The Council of the ICC Institute of World Business Law chose the interaction between actors in international arbitration as the theme for its annual seminar in December 2011.

In recent decades, arbitration has met with growing, even exponential, success. What used to be the business of a few specialized attorneys and a limited number of counsel has become an industry with a plethora of actors. This translates into a growing interest of lawyers in international arbitration, an increase in the number of institutions and, in parallel, the publication year after year of ever more journals- more or less technical-which are accompanied by a proliferation of seminars, trainings, congresses and education daystraining sessions and conferences. We have also witnessed the birth of companies specialized in financing arbitration procedures, namely so-called third-party funders.

Unfortunately, these considerable developments do not only have good sides. Arbitral procedures have seemingly become longer, costlier and more complex, and all actors complain about this.

In recent years, many actors have tended-incorrectly, in my view-to impute such problems too easily to arbitrators. Arbitrators do, of course, bear some responsibility in this regard. However, as law firms specialized in arbitration have become more sophisticated-with the good and bad that this brings-and busier, even overwhelmed, time limits have become longer (and fee notes bigger) and, despite this, procedural calendars are less respected. Institutions are also not far behind. Where several years ago the constitution of an arbitral tribunal or the notification of an award took several days, they can nowadays take several weeks or months. The increasing complexity of arbitral rules and the growth in guidelines and regulations of all kinds are no doubt largely responsible.

It thus seemed to us-like other institutions, for that matter, such as ICCA-that it was time to rethink the arbitral process and to address the interaction between the participants of international arbitration and, in this context, the respective rights and obligations of each, the final goal being to contribute together, as much as possible, to the improvement of the process, while respecting the ultimate goal of dispensing justice in a respectful and efficient manner, within short time limits, without costing too much to the parties to the procedure.

In this context, the council structured its analysis around four themes. The first theme focused on the duties that counsel and parties have towards each other and towards the arbitral tribunal. This theme was dealt with by four speakers. Horacio Grigera Naon addressed the duties of counsel towards the tribunal. Doak Bishop dealt with the question of whether "anything goes" in obtaining evidence. Johnny Veeder, QC, investigated whether counsel and clients really share the same interests. Finally, Karl Hennessee submitted some thoughts and proposals regarding the need for greater involvement of in-house counsel in the arbitral procedure.

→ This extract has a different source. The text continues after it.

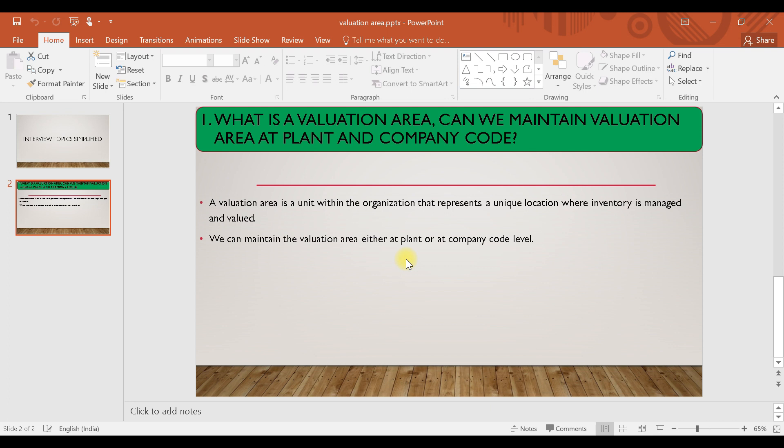So what is a valuation area? A valuation area is the place or location where materials are getting valued — where the price will be calculated. Either we can take the valuation area as a plant, or we can take the valuation area as a company code.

The problems addressed in the context of the second theme focused on the efficient functioning of the arbitral tribunal. First, Professor Julian Lew analyzed the rights and duties of the arbitral tribunal. Laurent Lévy then addressed more specifically the role of the chairman of the arbitral tribunal in its internal dynamics. In addition, since arbitrators' use of administrative secretaries is becoming increasingly common, Constantine Partasides attempted to identify good practices in this respect. Finally, Eduardo Silva Romero investigated the liability and immunity of arbitrators and tried to define the right balance between these two concepts.

The third session focused on the role of institutions. The question whether they truly add value to the procedure was dealt with by Professor Karl-Heinz Böckstiegel. Peter Leaver then spoke about the mutual rights and duties of institutions and arbitrators. Finally, Judith Gill, QC, examined the extent to which institutions must ensure procedural transparency, and Teresa Cheng considered the question of their liability.

The last session was devoted to a general debate on whether the various actors in international arbitration meet the expectations of the other participants and whether users are satisfied with the arbitral procedure. In this context, a representative of each group was invited to present a position: for in-house counsel, Jean-André Diaz; for counsel, Hamid Gharavi; for the institutions, Annette Magnusson; and, finally, for the arbitrators, Professor Pierre Tercier.

In keeping with the tradition of previous years, the Council of the ICC Institute of World Business Law has sought to ensure the publication of the papers presented at the seminar. The council hopes that the thoughts, suggestions and proposals formulated over the course of this seminar will be of great use to the arbitration community in its process of reconsidering the role of-and interaction between- the different participants in the arbitral procedure. Likewise, we hope that they will contribute to achieving the final goal of ensuring the harmonious and efficient functioning of the arbitration process in terms of time and cost, while respecting the legitimate expectations of the parties.